But Friday Night Lights. What a show. The TV Show, that is. Not the stupid football garbage about triumph, the human spirit, texas,and blah blah blah that Billy Bob Thorton was in. This is the case where the TV show far exceeds the scope and vision and quality of its secondary source (the movie), and even more so of its primary source (the book).And guess what, I'm totally indifferent about football! That's probably why the book and the movie don't resonate with me as much.

Well is this show one of those shows where it's supposed to be about football but is actually about something else like love, adolescence, family crisis, blah blah blah?
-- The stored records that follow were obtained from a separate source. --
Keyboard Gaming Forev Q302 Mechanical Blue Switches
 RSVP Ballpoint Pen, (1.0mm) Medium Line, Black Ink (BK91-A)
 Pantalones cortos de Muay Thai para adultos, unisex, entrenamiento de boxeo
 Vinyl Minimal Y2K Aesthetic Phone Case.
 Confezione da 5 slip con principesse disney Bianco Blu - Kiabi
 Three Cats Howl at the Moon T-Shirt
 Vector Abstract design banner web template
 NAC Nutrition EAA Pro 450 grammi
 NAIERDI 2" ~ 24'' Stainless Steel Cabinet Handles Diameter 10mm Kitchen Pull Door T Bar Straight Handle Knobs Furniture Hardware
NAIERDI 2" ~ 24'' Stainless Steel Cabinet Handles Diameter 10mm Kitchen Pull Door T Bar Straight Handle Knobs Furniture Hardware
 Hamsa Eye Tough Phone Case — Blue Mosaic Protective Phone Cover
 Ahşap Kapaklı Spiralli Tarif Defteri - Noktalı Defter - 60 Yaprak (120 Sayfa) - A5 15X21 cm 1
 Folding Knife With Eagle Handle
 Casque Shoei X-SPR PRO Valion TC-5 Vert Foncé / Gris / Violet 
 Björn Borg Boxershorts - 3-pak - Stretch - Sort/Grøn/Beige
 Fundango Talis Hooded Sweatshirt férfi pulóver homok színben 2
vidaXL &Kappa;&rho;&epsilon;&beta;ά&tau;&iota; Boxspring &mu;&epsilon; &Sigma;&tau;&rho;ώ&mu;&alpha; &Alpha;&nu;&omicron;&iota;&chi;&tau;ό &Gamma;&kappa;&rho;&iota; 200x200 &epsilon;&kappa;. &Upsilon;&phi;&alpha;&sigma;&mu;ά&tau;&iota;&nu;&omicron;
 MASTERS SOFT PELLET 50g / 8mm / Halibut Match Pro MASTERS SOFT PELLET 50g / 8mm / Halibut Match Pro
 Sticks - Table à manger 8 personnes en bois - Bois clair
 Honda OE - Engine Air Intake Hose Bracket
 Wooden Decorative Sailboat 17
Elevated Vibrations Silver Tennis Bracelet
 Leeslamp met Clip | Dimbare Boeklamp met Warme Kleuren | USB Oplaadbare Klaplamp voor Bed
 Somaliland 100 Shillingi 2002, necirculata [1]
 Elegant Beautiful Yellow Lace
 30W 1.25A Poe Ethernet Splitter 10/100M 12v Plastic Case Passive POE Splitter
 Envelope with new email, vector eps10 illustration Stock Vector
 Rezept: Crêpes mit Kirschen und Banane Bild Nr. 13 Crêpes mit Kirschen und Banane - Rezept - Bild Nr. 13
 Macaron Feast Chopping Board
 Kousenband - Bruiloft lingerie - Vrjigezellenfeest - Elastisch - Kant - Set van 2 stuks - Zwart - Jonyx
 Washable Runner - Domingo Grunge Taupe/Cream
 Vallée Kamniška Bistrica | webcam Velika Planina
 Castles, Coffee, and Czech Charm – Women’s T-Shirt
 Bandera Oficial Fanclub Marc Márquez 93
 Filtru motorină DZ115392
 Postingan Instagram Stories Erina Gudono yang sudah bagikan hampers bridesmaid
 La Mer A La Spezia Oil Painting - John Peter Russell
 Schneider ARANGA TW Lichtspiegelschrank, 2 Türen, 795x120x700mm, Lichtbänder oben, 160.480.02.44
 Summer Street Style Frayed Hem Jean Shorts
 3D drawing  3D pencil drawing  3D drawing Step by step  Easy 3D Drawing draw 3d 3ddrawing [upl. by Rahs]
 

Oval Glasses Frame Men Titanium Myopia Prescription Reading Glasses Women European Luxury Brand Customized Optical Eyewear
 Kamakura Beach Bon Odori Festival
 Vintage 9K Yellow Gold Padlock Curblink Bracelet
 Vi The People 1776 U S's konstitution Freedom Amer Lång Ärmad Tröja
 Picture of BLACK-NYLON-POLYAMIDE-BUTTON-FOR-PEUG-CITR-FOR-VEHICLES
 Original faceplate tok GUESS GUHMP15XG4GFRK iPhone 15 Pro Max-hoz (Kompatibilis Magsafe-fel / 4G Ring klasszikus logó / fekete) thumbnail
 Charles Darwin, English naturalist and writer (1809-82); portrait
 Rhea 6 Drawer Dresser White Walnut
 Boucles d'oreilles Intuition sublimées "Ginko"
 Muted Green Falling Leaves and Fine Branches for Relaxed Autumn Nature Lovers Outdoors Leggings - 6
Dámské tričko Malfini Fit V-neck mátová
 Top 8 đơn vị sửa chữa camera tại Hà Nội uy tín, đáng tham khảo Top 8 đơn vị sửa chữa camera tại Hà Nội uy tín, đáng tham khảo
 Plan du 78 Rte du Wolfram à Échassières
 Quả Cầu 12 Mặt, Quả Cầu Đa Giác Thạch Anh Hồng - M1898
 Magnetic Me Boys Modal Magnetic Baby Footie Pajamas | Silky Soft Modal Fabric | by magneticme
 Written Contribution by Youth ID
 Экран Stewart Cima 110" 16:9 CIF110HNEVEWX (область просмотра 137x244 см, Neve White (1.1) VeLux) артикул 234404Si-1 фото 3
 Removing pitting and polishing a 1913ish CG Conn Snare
Well yes, it's a scripted drama.

Then why do you like it? Why is this show so special?
Hmmm... well it's about High School? In America? No, that's not it. Amer..Ameeri?

AMERICANA!

It's about Americana. This pastoral swath of America that has been idealized yet worked and reworked into an arrangement that is and has been resistant to stereotype and banalities about life. It is also very, very contemporary. Jake talks about Americana, and from his hyperlinks I get an idealized America that have less to do with America than a certain branch of cosmopolitanism that has co-opted denim as a fashion identity. When the denim comes off, and the CV's are read, you'll find that these exemplars of Americana that Jake uses are in essence: famous people who had found fame in America.   But we know better. We, the citizens of the United States, know that foreigners often times do "America" better than we do, but that similcrum of cultural identity isn't what really occurs to us under the broad swath of Americana. It is something more nuanced, sometimes more mundane, and often times more...unglamorous. Unglamorous? To be sure, America is absolutely rich with intrigue, exploit, opulence, but true to its rugged American form, it is a cultural identity riddled with moments of high aspiration and bottom gutter pleasure, uncouthness, boredom, irony, and constant overt cultural tension.




Friday Night Lights embodies all of this. It probes the banalities of high school life with an unsteady gaze shifting between realism and the outrageous in a pastoral landscape that always seems to be tinged in amber. It moves through common topics in serial dramas like: race, pregnancy, young adult life, old adult life and reintroduces them with immediacy of daily life increasing our expectations for the very same topics in a serial drama. It is surprising to find that Friday Night Lights, a likely vehicle for a drab interpretation of Americana, able to profoundly capture this sensibility in the most unlikely way.